When will you be able to get information ONLY from Fox News and CNN?
Ibrahim Turner
In answer to the question posed in the title, perhaps, if the Pentagon has its way, when the first bombs drop on the nuclear facilities in Iran.
Imagine, you log on to OPEDNews and within minutes your computer goes blank, and you cannot connect to the Internet. Where will you find out what is happening? Will you try to reload your operating system suspecting a virus attack from a hacker in a distant land? And during the time it takes to reload, several hundred bunker busting bombs and missiles have devastated large areas of Iran. Your computer still cannot connect to the Internet, so you turn on the TV and find that all over the news is stock footage of planes taking off from aircraft carriers and missile launches as in the ‘shock and awe’ of the Iraq invasion.

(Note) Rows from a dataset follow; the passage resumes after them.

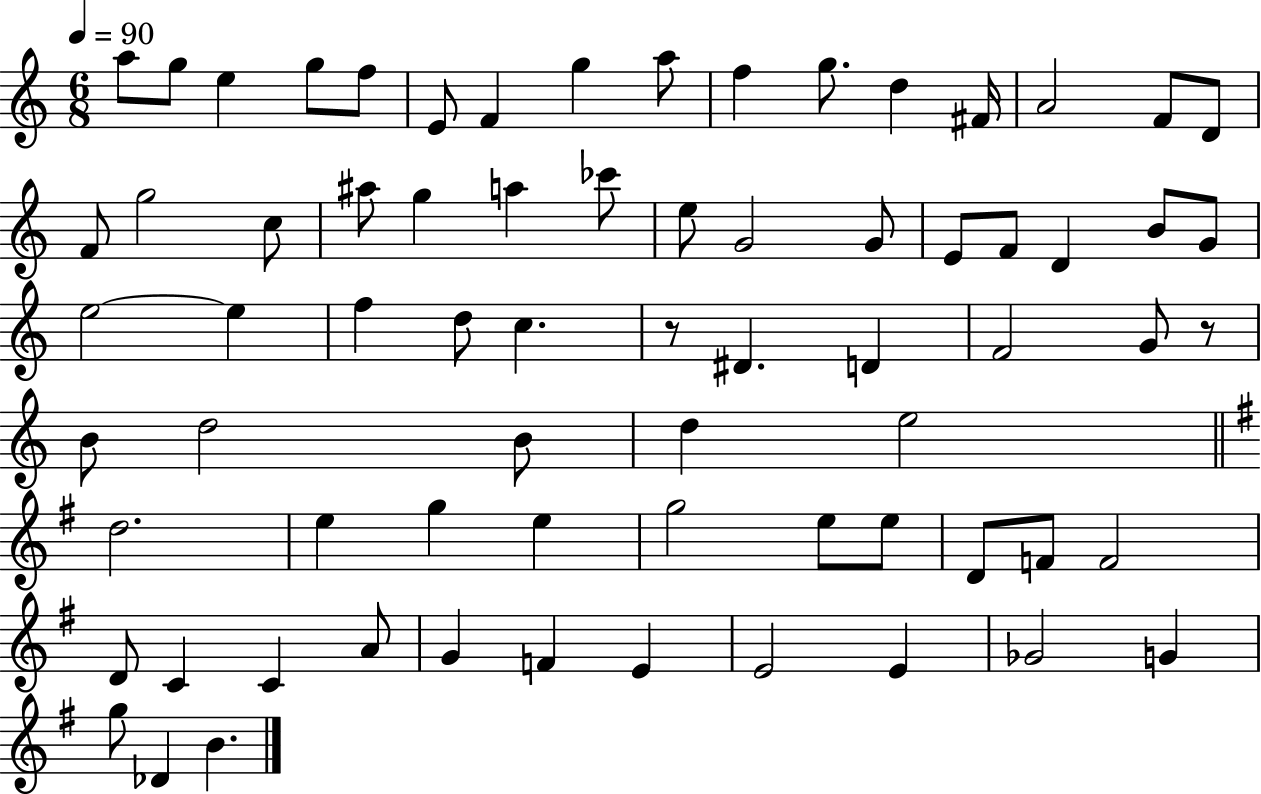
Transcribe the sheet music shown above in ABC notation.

X:1
T:Untitled
M:6/8
L:1/4
K:C
a/2 g/2 e g/2 f/2 E/2 F g a/2 f g/2 d ^F/4 A2 F/2 D/2 F/2 g2 c/2 ^a/2 g a _c'/2 e/2 G2 G/2 E/2 F/2 D B/2 G/2 e2 e f d/2 c z/2 ^D D F2 G/2 z/2 B/2 d2 B/2 d e2 d2 e g e g2 e/2 e/2 D/2 F/2 F2 D/2 C C A/2 G F E E2 E _G2 G g/2 _D B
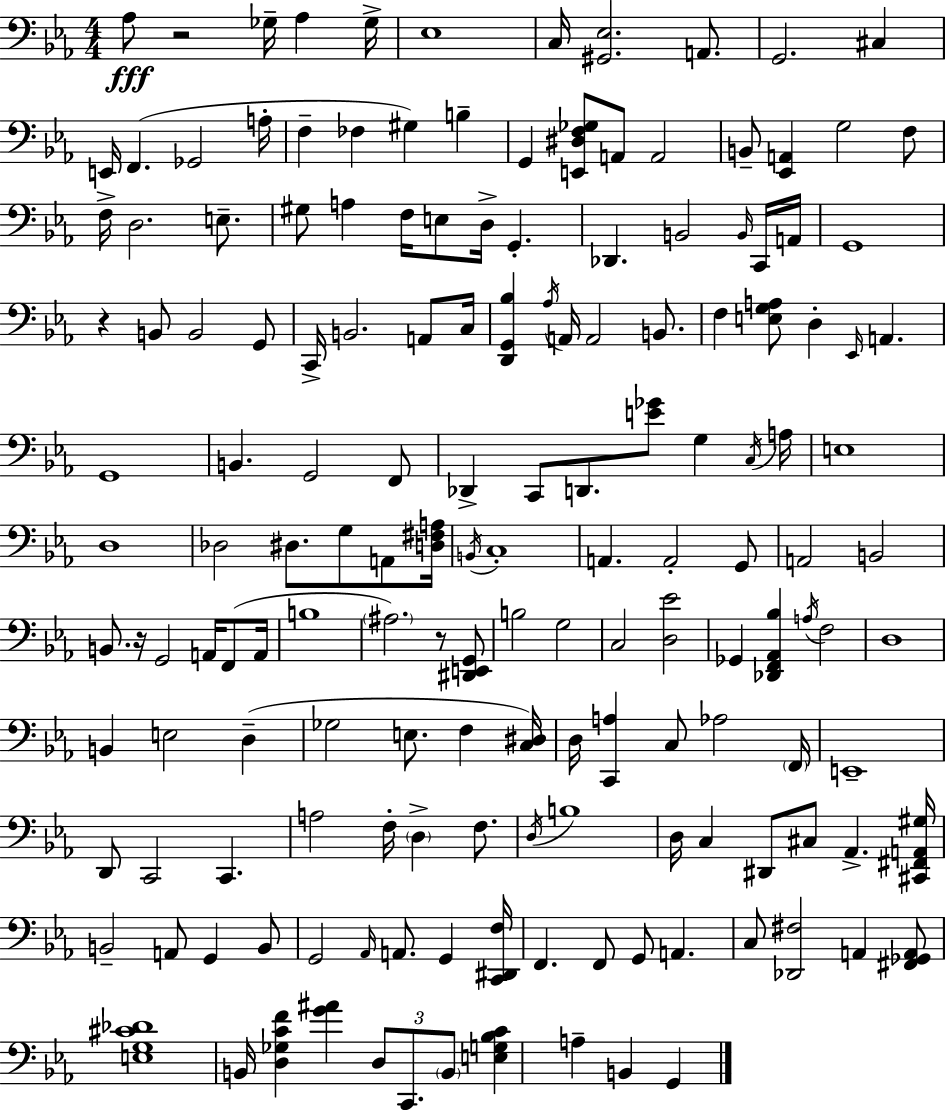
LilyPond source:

{
  \clef bass
  \numericTimeSignature
  \time 4/4
  \key ees \major
  \repeat volta 2 { aes8\fff r2 ges16-- aes4 ges16-> | ees1 | c16 <gis, ees>2. a,8. | g,2. cis4 | \break e,16 f,4.( ges,2 a16-. | f4-- fes4 gis4) b4-- | g,4 <e, dis f ges>8 a,8 a,2 | b,8-- <ees, a,>4 g2 f8 | \break f16-> d2. e8.-- | gis8 a4 f16 e8 d16-> g,4.-. | des,4. b,2 \grace { b,16 } c,16 | a,16 g,1 | \break r4 b,8 b,2 g,8 | c,16-> b,2. a,8 | c16 <d, g, bes>4 \acciaccatura { aes16 } a,16 a,2 b,8. | f4 <e g a>8 d4-. \grace { ees,16 } a,4. | \break g,1 | b,4. g,2 | f,8 des,4-> c,8 d,8. <e' ges'>8 g4 | \acciaccatura { c16 } a16 e1 | \break d1 | des2 dis8. g8 | a,8 <d fis a>16 \acciaccatura { b,16 } c1-. | a,4. a,2-. | \break g,8 a,2 b,2 | b,8. r16 g,2 | a,16 f,8( a,16 b1 | \parenthesize ais2.) | \break r8 <dis, e, g,>8 b2 g2 | c2 <d ees'>2 | ges,4 <des, f, aes, bes>4 \acciaccatura { a16 } f2 | d1 | \break b,4 e2 | d4--( ges2 e8. | f4 <c dis>16) d16 <c, a>4 c8 aes2 | \parenthesize f,16 e,1-- | \break d,8 c,2 | c,4. a2 f16-. \parenthesize d4-> | f8. \acciaccatura { d16 } b1 | d16 c4 dis,8 cis8 | \break aes,4.-> <cis, fis, a, gis>16 b,2-- a,8 | g,4 b,8 g,2 \grace { aes,16 } | a,8. g,4 <c, dis, f>16 f,4. f,8 | g,8 a,4. c8 <des, fis>2 | \break a,4 <fis, ges, a,>8 <e g cis' des'>1 | b,16 <d ges c' f'>4 <g' ais'>4 | \tuplet 3/2 { d8 c,8. \parenthesize b,8 } <e g bes c'>4 a4-- | b,4 g,4 } \bar "|."
}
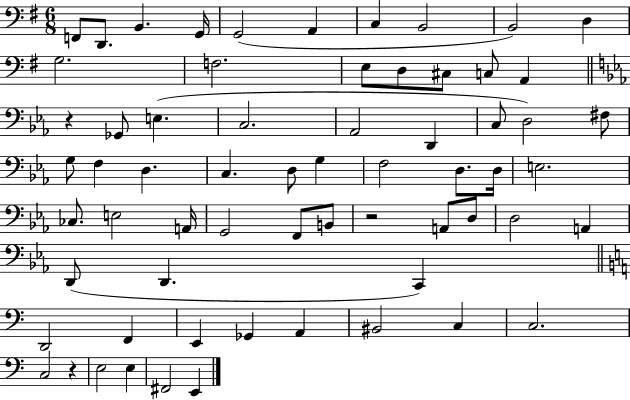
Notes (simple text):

F2/e D2/e. B2/q. G2/s G2/h A2/q C3/q B2/h B2/h D3/q G3/h. F3/h. E3/e D3/e C#3/e C3/e A2/q R/q Gb2/e E3/q. C3/h. Ab2/h D2/q C3/e D3/h F#3/e G3/e F3/q D3/q. C3/q. D3/e G3/q F3/h D3/e. D3/s E3/h. CES3/e. E3/h A2/s G2/h F2/e B2/e R/h A2/e D3/e D3/h A2/q D2/e D2/q. C2/q D2/h F2/q E2/q Gb2/q A2/q BIS2/h C3/q C3/h. C3/h R/q E3/h E3/q F#2/h E2/q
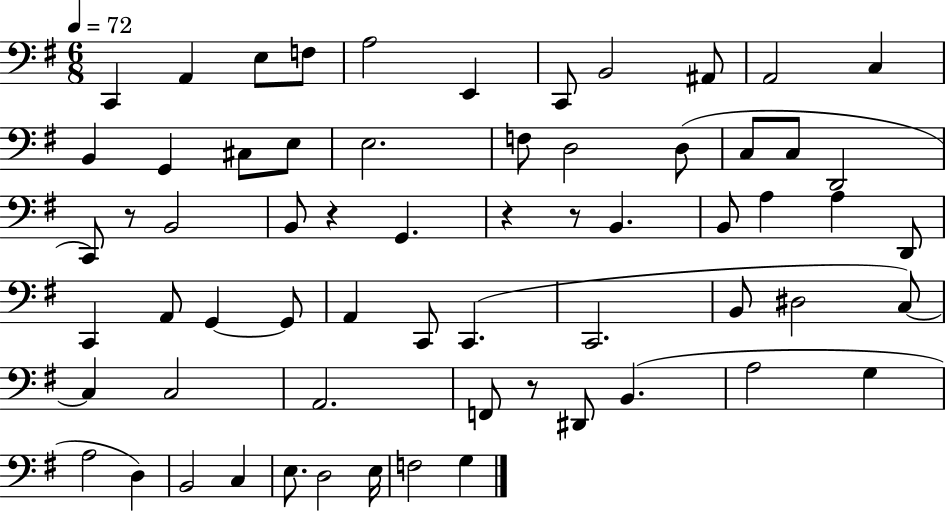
X:1
T:Untitled
M:6/8
L:1/4
K:G
C,, A,, E,/2 F,/2 A,2 E,, C,,/2 B,,2 ^A,,/2 A,,2 C, B,, G,, ^C,/2 E,/2 E,2 F,/2 D,2 D,/2 C,/2 C,/2 D,,2 C,,/2 z/2 B,,2 B,,/2 z G,, z z/2 B,, B,,/2 A, A, D,,/2 C,, A,,/2 G,, G,,/2 A,, C,,/2 C,, C,,2 B,,/2 ^D,2 C,/2 C, C,2 A,,2 F,,/2 z/2 ^D,,/2 B,, A,2 G, A,2 D, B,,2 C, E,/2 D,2 E,/4 F,2 G,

How could you find out what is really going on – like the inevitable retaliations of the Iran regime to strike back at Israel and US forces in the Gulf region?
Short answer – you can’t.
It would be a news black out, courtesy of the Pentagon, similar to the ‘embedded’ journalists of the Iraq invasion but with much more control of what you are allowed to know.
Extracts…
“According to Wired defense analyst Noah Shachtman,
The Air Force wants a suite of hacker tools, to give it "access" to -- and "full control" of -- any kind of computer there is. And once the info warriors are in, the Air Force wants them to keep tabs on their "adversaries' information infrastructure completely undetected.”...”
“Nearly a decade ago, NATO forces dropped what was described as a graphite "blackout bomb," the BLU-114/B "soft-bomb" on Belgrade and other cities during its aggressive war against the remnants of the former Yugoslavia--with devastating effects. Marty Mclaughlin wrote:
A particularly dangerous consequence of the long-term power blackout is the damage to the water systems in many Yugoslav cities, which are dependent on pumping stations run by electrical power. Novi Sad, a city of 300,000 which is the capital of the Vojvodina province of Serbia, has been without running water for eight days, according to residents. Families have been compelled to get water from the Danube River to wash and operate the toilet, and a handful of wells to provide drinking water.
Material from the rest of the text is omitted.